Human Rights Group Complain About Lack of Coverage for Serbians in Serbia

According to Human Rights Watch, the two years since unilateral independence in Kosovo have not brought improvement to the position of ethnic minorities in that breakaway Serbian province.

The Human Rights Watch report, circulated in New York, sounds alarm over the position of Roma minority and calls for expansion of the EU mission's mandate and a strategy to improve the situation.

The report, however, makes little mention of the position of the one hundred thousand Serbs, which is worse than that of the other minority groups. Yelena Guskova, an expert with Slav Studies Institute of the Russian Academy of Sciences, comments.

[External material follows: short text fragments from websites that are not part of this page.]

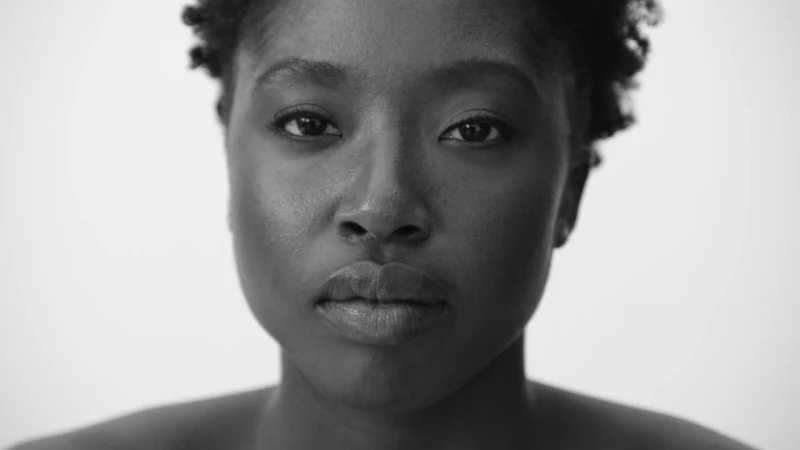 Close-up monochrome portrait of a Black woman looking directly at the camera against a plain white background.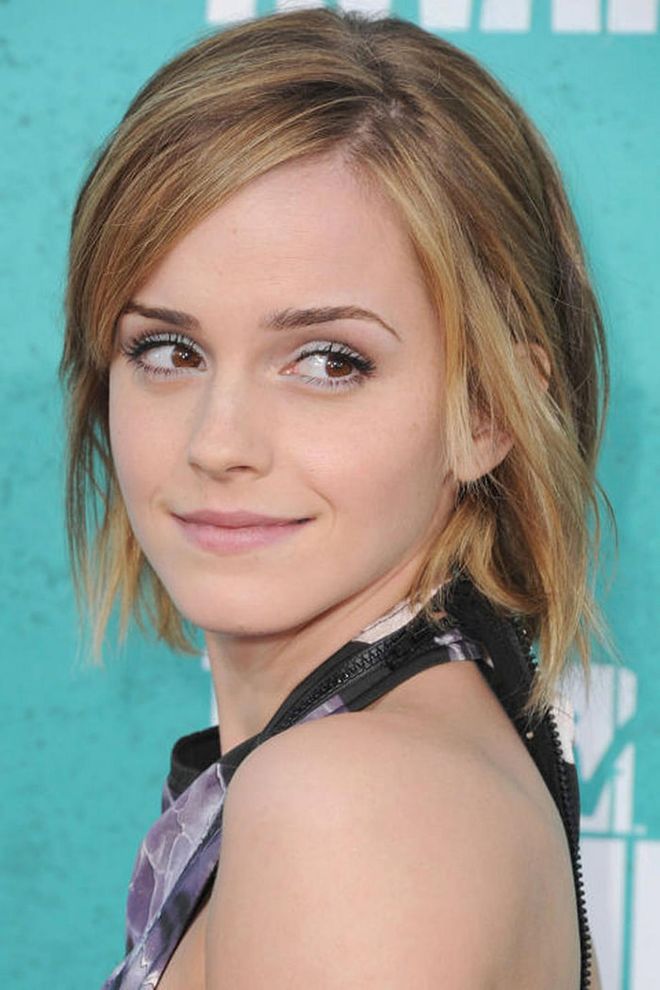 Back to blonde, Watson shows off her choppy lob at the MTV Movie Awards. 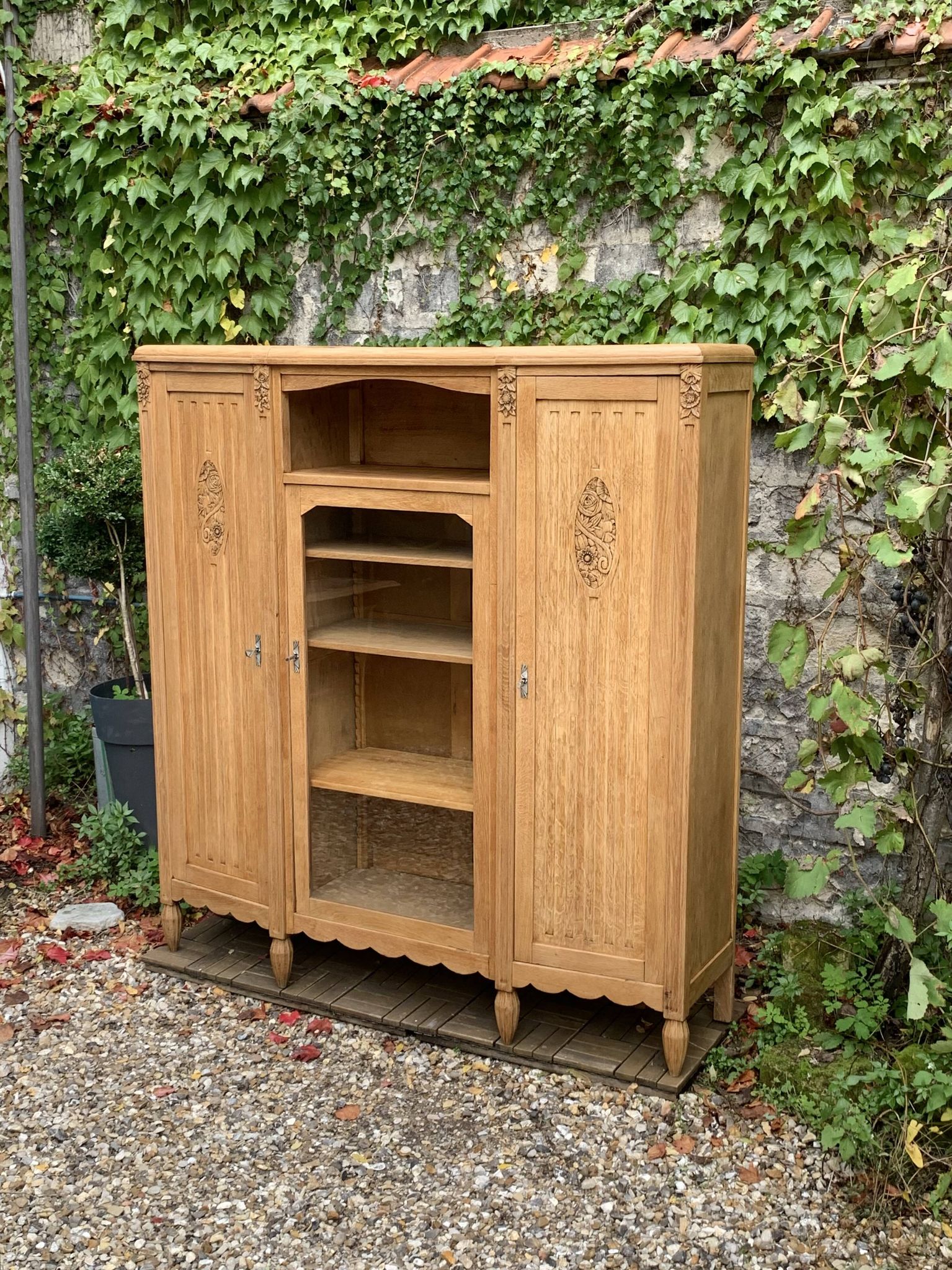 Asymmetrical Art Deco glass-fronted Parisian wardrobe in raw oak, 1930.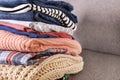 Bunch of different colorful clothing items folded in stack Royalty Free Stock Photo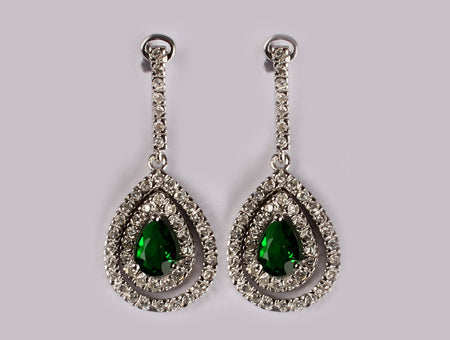 A Emerald & White Cubic Zirconia Earring.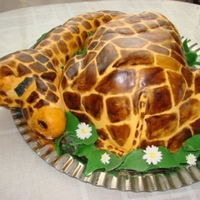 Sleeping Baby Giraffe Baby giraffe sleeping. covered in fondant and hand-painted. I had a slight mishap, the head fell off. I had to patch the fondant but my...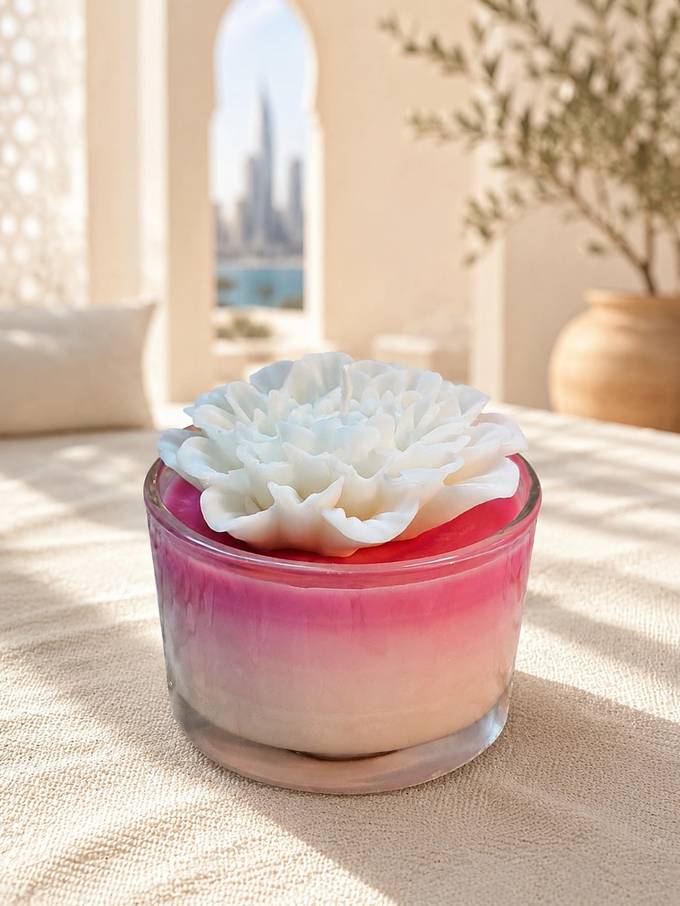 Pink ombre flower candle with the Dubai skyline behind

Reports of this kind are all biased, she says. Serbs are living in enclaves, in wire fenced territories. They live in dilapidated buildings, they have no churches nearby, and if they need to go somewhere, they can go escorted by NATO troops because Serb territories are still in the gun sights of Albanian militants.

The former Serb province of Kosovo is where the interests of different countries clashed. The countries in question include the United States, which in fact forced Europe to recognize the independence of Kosovo, run by Albanian authorities; Russia, which wants a fairer solution to the conflict; Belgrade, which won't part with its territory; and now non-governmental organizations have stepped in. These organizations publish reports, and those not knowledgeable in this matter cite these reports. Naturally, the rights of Roma minority are important, but the rights of Serbs should be in the limelight too as the Serb community lived in this land for centuries and clings to it as their last most valuable possession.